We can learn a lot from our dogs. I’ve learned a lot from Ivy, our Brittany Spaniel. Fern, our Brittany puppy is a work in progress. She’s made a lot of progress since we brought her home seven weeks ago, but we have a lot progress to make.
A couple of mornings ago, Fern and I were out for a walk. I needed to move and so did she. Walking a dog is an exercise in curiosity, walking a puppy is a course in curiosity and patience.
Fern is learning and so am I. As we walked, Fern was discovering a new world, even though we had walked part of the same route a day earlier. Fern discovered objects I didn’t see – pine cones, sticks, and sadly, trash – paper and plastic.
Fern saw insects and birds – I could see them, but she noticed them and followed them with her head and would pull on the leash give chase to them.
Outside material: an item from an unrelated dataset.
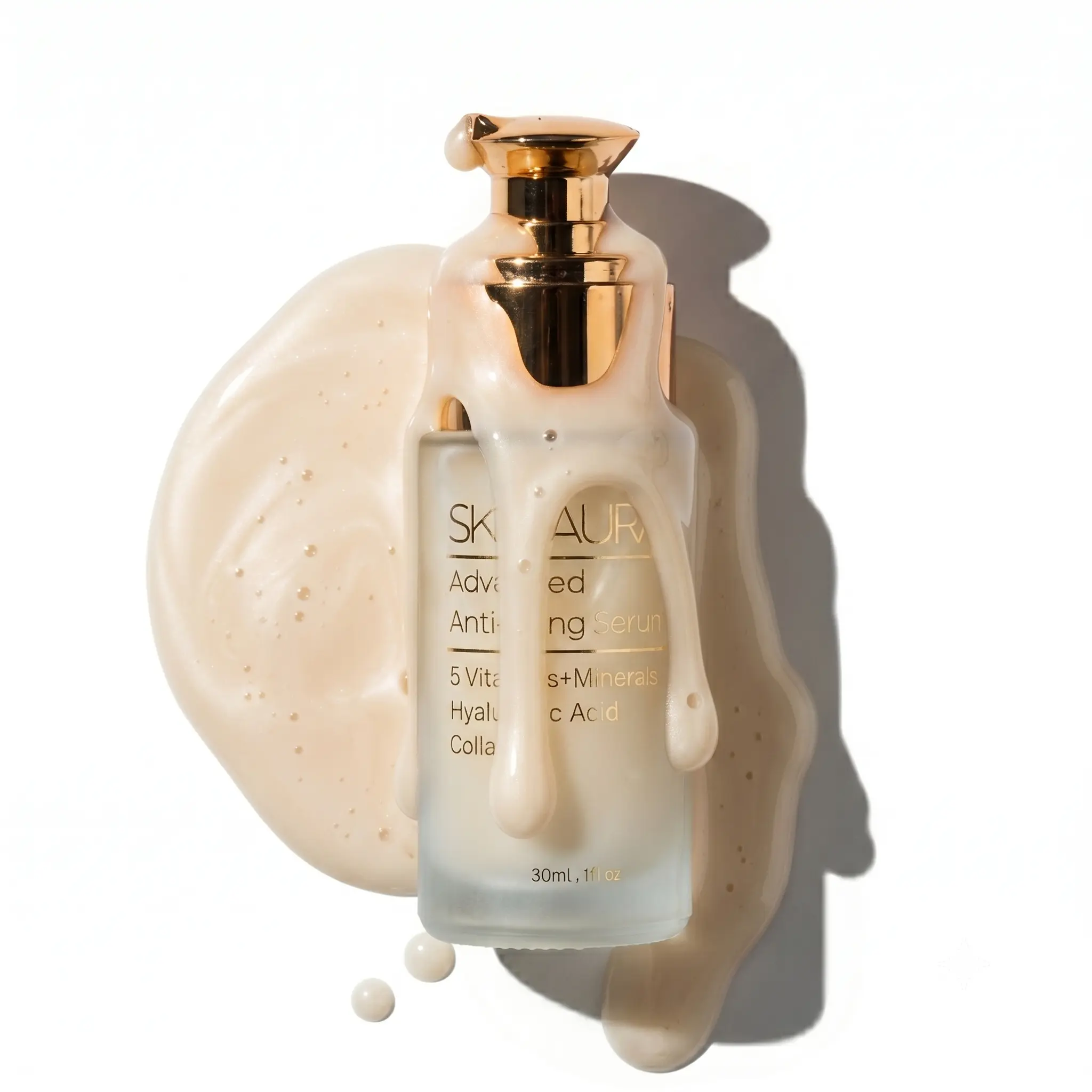 Collagen Peptide Advanced Anti-Aging Serum | All-In-One Sensitive Formula for overall skin health | Plant Derivative with Hyaluronic Acid, 5 Vitamins & Minerals - 30ml (1oz) Aloe  Vera Dewy Gentle Nourishing Radiance Salicylic Acid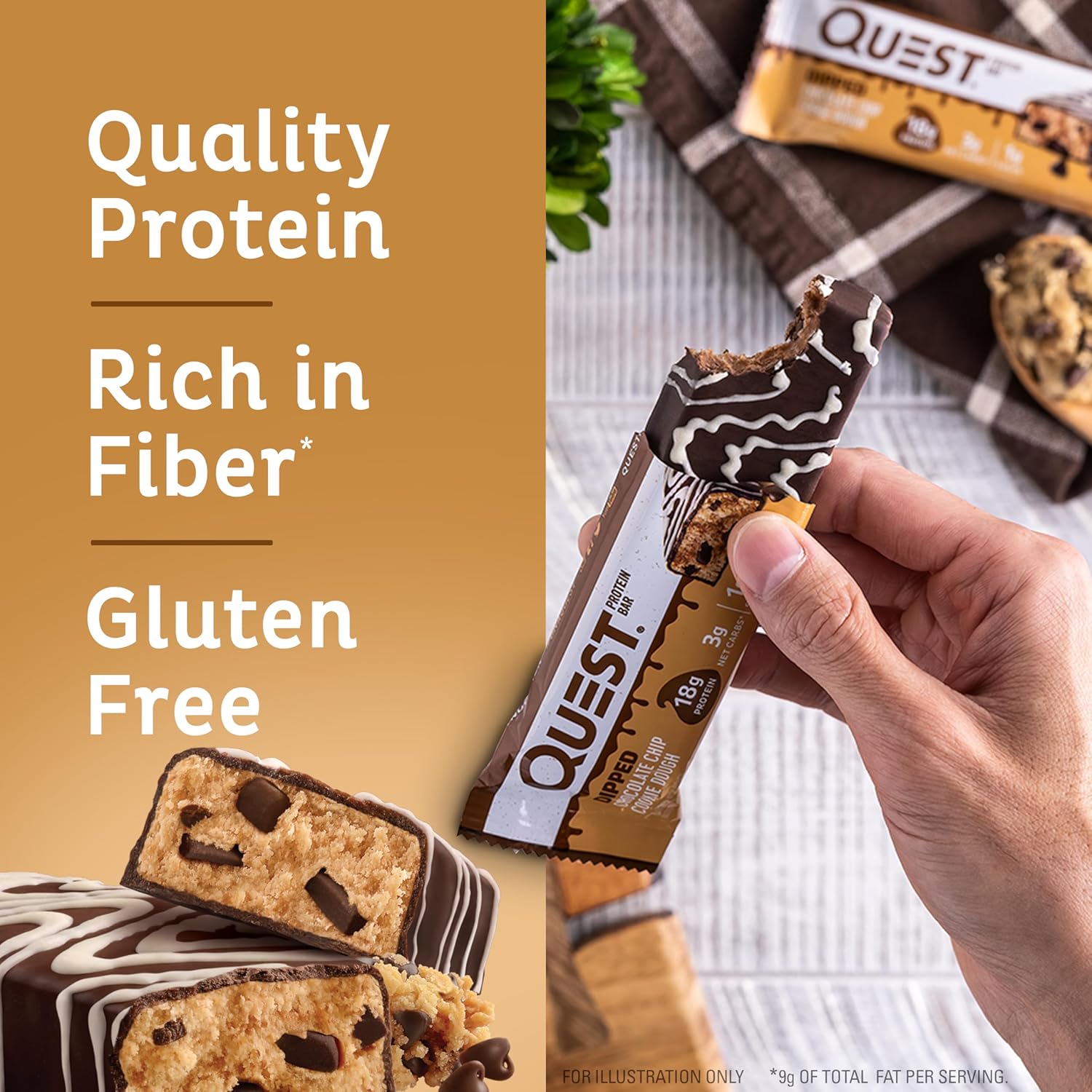 Quest Nutrition Blueberry Muffin Protein Bars, 20g Protein, Gluten Free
I am curious, too. Last summer, I was wondering about birds and I began to open my eyes and look around. Day 26 – last day in June. Since then, I’ve discovered a lot and on our last trip up north, I discovered a pileated woodpecker. It’s a huge woodpecker and it is the woodpecker on which Woody the Woodpecker is modelled. The particular woodpecker might have gone unnoticed had a friend of mine not mentioned that seeing one was on his ‘bucket list.’pileated woodpecker and red headed woodpecker.
Fern and I didn’t see either of the woodpeckers on our walk but we saw other birds. As we walked, I was reminded of my science hero’s, Rachel Carson, advice to be curious and full of wonder.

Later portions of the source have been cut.